Через так называемое «второе южнославянское влияние» - агиографов сербского и болгарского происхождения - на Русь проникает стиль византийского «плетения словес». Прежняя краткая «память» о святом преображается в обширное хвалебное церковно-историческое слово. Личность агиографа, прежде скрывавшаяся, теперь выступает более или менее ясно. Нередко в житии дается краткая биография автора. Местом составления жития становятся уже не только города, но и отдаленные от культурных центров монастыри. И потому в житиях этой поры много ценного с исторической точки зрения бытового материала. Самыми известными книжниками этой эпохи стали Пахомий Логофет (Серб), оставивший 10 житий, 6 сказаний, 18 канонов и 4 похвальных слова святым, и Епифаний Премудрый – автор житий Стефана Пермского и наиболее прославленного русского святого, основателя Свято-Троицкой Лавры - преподобного Сергия Радонежского.

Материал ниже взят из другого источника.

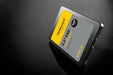 EAN 4034303031887 - Intenso 3814460 unidad de estado sólido 1 TB 2.5" Serial ATA III imagen 5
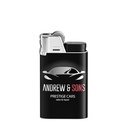 34600008D1-Printed1-id459-fev26.jpg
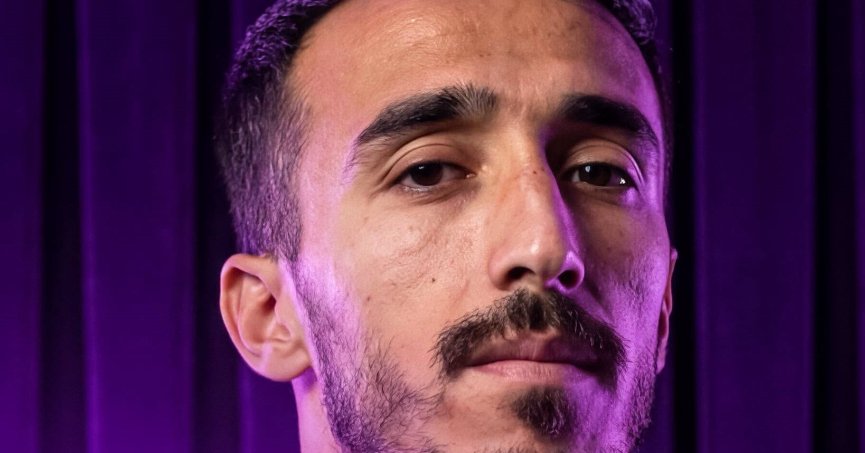 Gebzespor da Mutlu Güler de mutlu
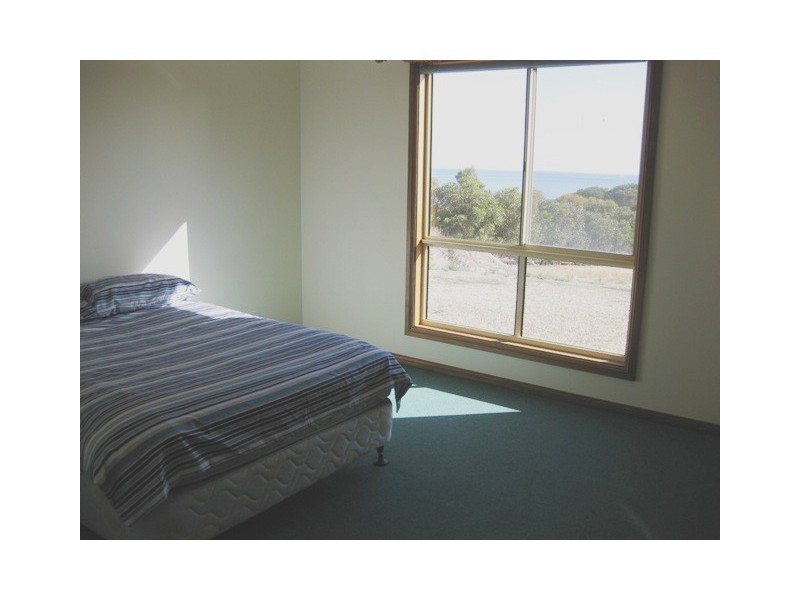 39 Ocean View Drive, Second Valley SA 5204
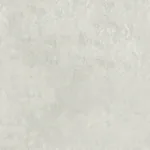 Brewster Home Fashions Francesca Silver Texture Wallpaper | Wallpaper Twins Brewster Home Fashions Francesca Silver Texture Wallpaper - SKU 4058-21737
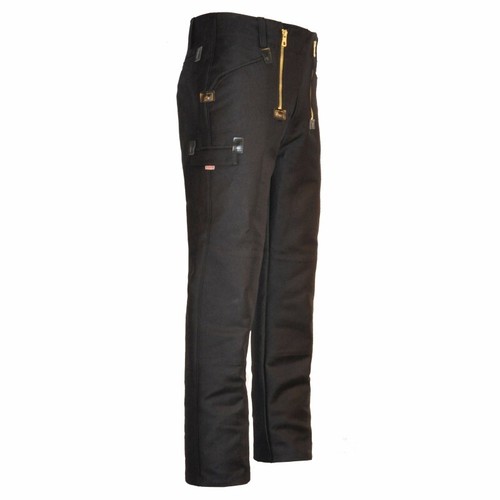 Eiko zunfthose leine - zunfthose,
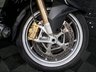 USED 2019 19 BMW R 1250 RT FINANCE SPECIALISTS APPLY NOW LOW RATE FINANCE DELIVERY AVAILABLE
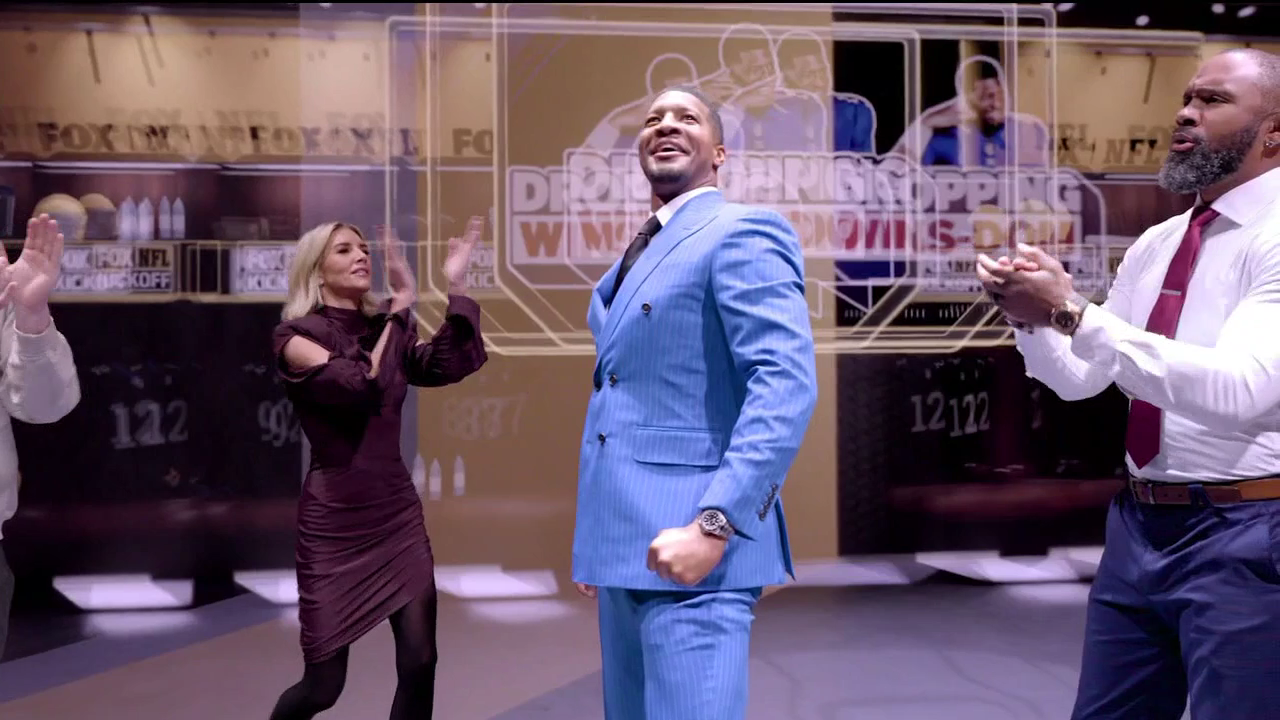 FOX NFL Kickoff 2025-12-07-1100 (18).png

6 мая 1684 года, архимандрит Киево-Печерской лавры Варлаам благословляет Димитрия, будущего митрополита Ростовского, а тогда еще насельника Киево-Печерской обители, составить сборник житий святых на весь год. Благословение стало началом огромнейшего труда: Димитрию предстояло создать жизнеописания всех святых, почитаемых всей Православной Церковью. И сам Димитрий считал, что отныне находится «в послушании святом, от Малороссийской Церкви мне врученном». 

Чем же располагала русская Церковь к этому времени?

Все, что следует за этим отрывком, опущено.